The outcome strained relations between Ehrlich and the Senate, and left some senators angry, even as others said it was a natural consequence of a Republican executive and a Democratic-controlled legislature.

Buhl supporters - and a few of her Democratic foes - say she was the victim of a partisan showdown between Ehrlich and Senate President Thomas V. Mike Miller.

"This wasn't about Lynn Buhl," said Sen. Thomas M. Middleton, a Charles County Democrat who voted against Buhl. "This was about power and a standoff between the governor and president."

Miller declined to say he pressured his caucus to oppose Buhl but lambasted the way Ehrlich handled the nomination. "He has imported right-wing partisans from Capitol Hill. They all want to make war instead of trying to broker an honest settlement," Miller said.

But Ehrlich accused Senate Democrats of being the ones who brought Washington-style politics to Annapolis. "Do I think it's the first hiccup in a partisan road, the Capitol Hill politics we tried not to bring here? Of course," he said.

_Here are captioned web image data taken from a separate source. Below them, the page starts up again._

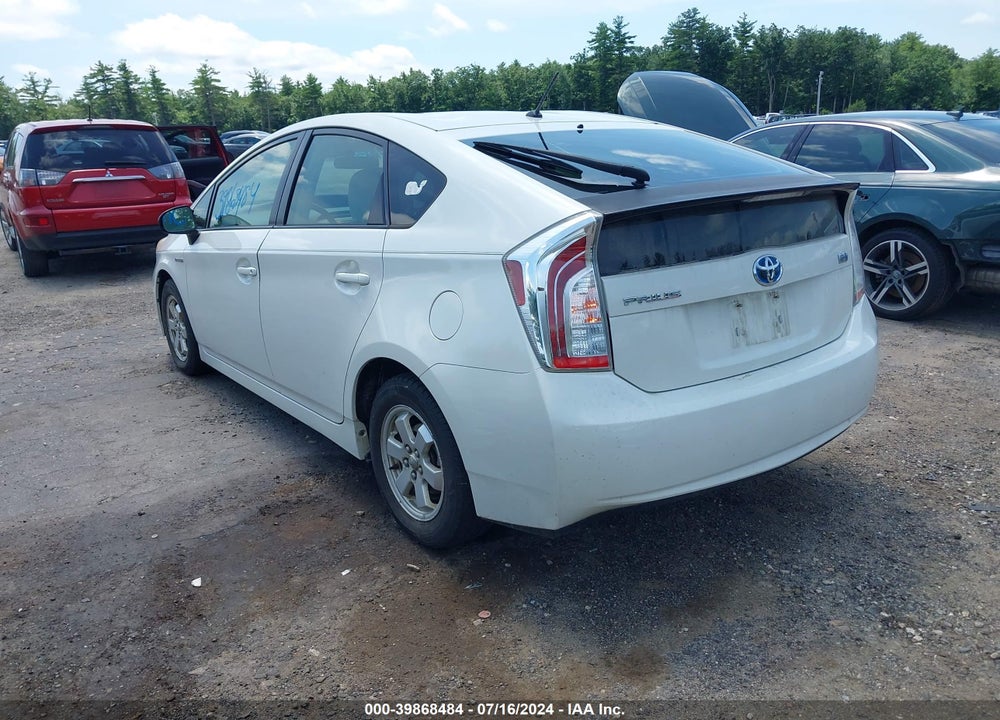 2013 TOYOTA PRIUS TWO VIN: JTDKN3DU7D5562219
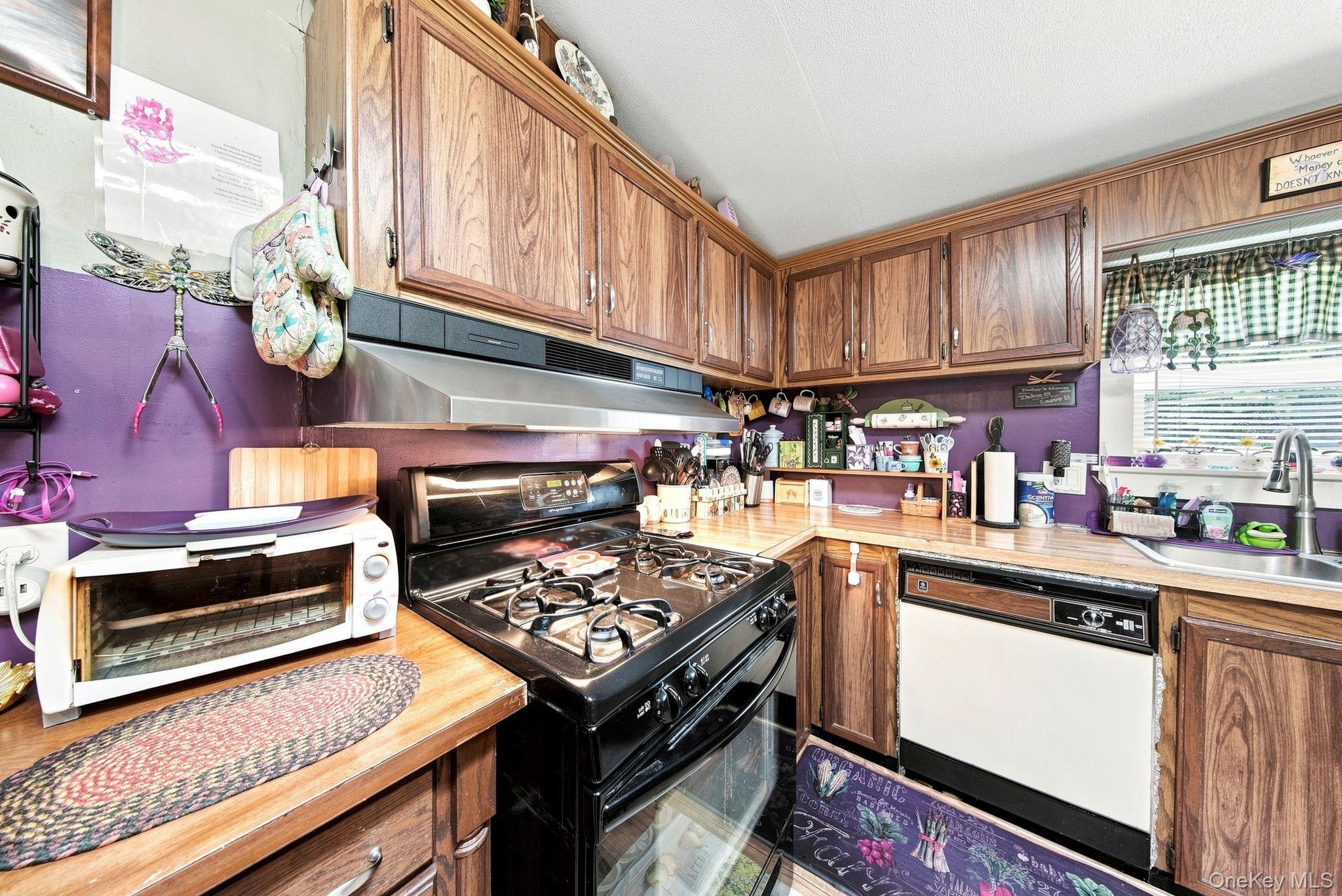 27 Delaware Drive Property Photo 17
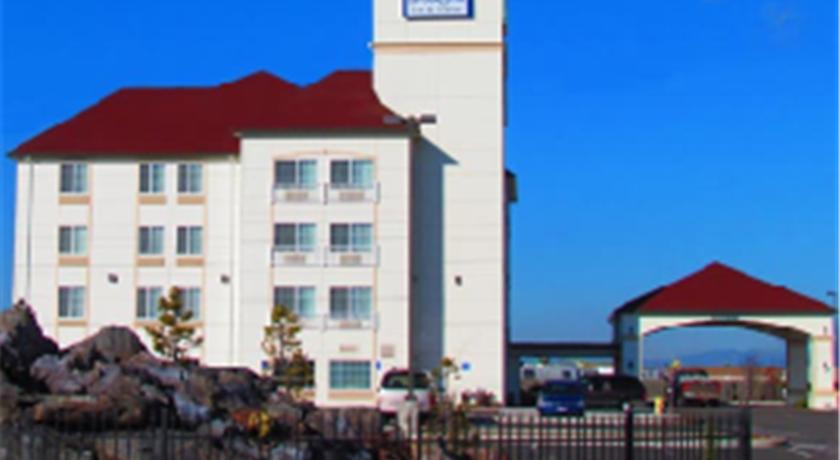 La Quinta Inn & Suites White City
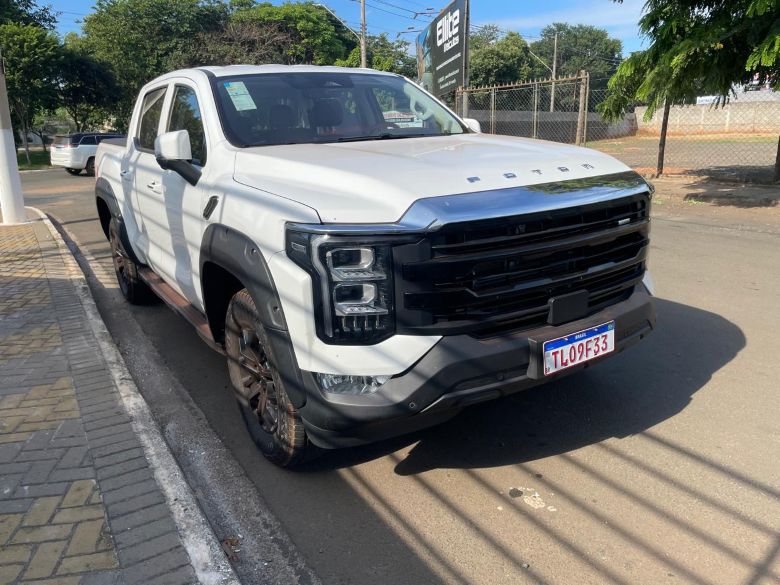 Foton lança semipesados e testa aceitação de pesado elétrico de olho na Fenatran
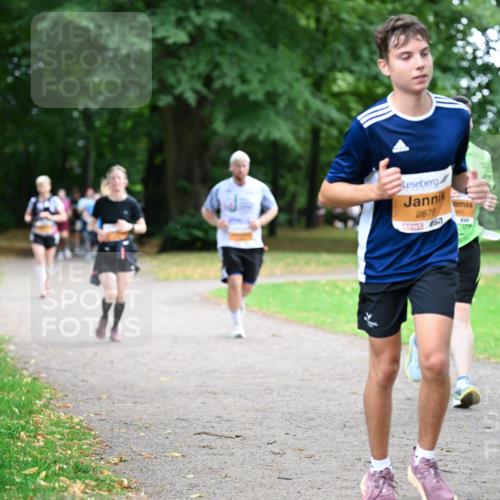 30.08.2026 - Blankeneser Heldenlauf Dr. Thomas Lammeyer http://msf.ph/oto/10034968 30.08.2026 10:42:03 Laufen 2878, 460, 2052 meine-sportfotos.de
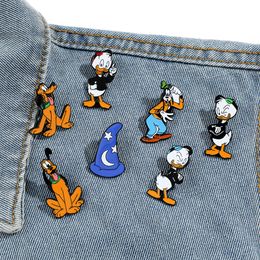 Cartoon Dogs Duck Email Pin Leuke anime films Games Hard Email Pins verzamelen metalen cartoon broche rugzak hoed tas kraag reversbadges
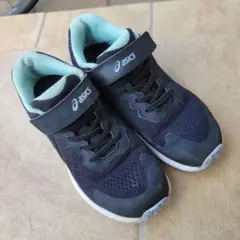 asics レーザービーム　22.0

The dispute follows Miller's unsuccessful efforts over the weekend to orchestrate a deal between Ehrlich and Sen. Brian E. Frosh, a Montgomery County Democrat who led the effort to defeat Buhl.

After Ehrlich rejected Frosh's offer - which included keeping Buhl as a temporary Cabinet secretary until next year - Democrats set out to derail the nomination yesterday morning.

Buhl will remain acting secretary until she leaves or another nominee is named, which "is not going to happen in the near future," said Paul E. Schurick, an Ehrlich spokesman.

When Buhl leaves or transfers to another state job, Deputy Secretary Kendl P. Philbrick will probably run the department.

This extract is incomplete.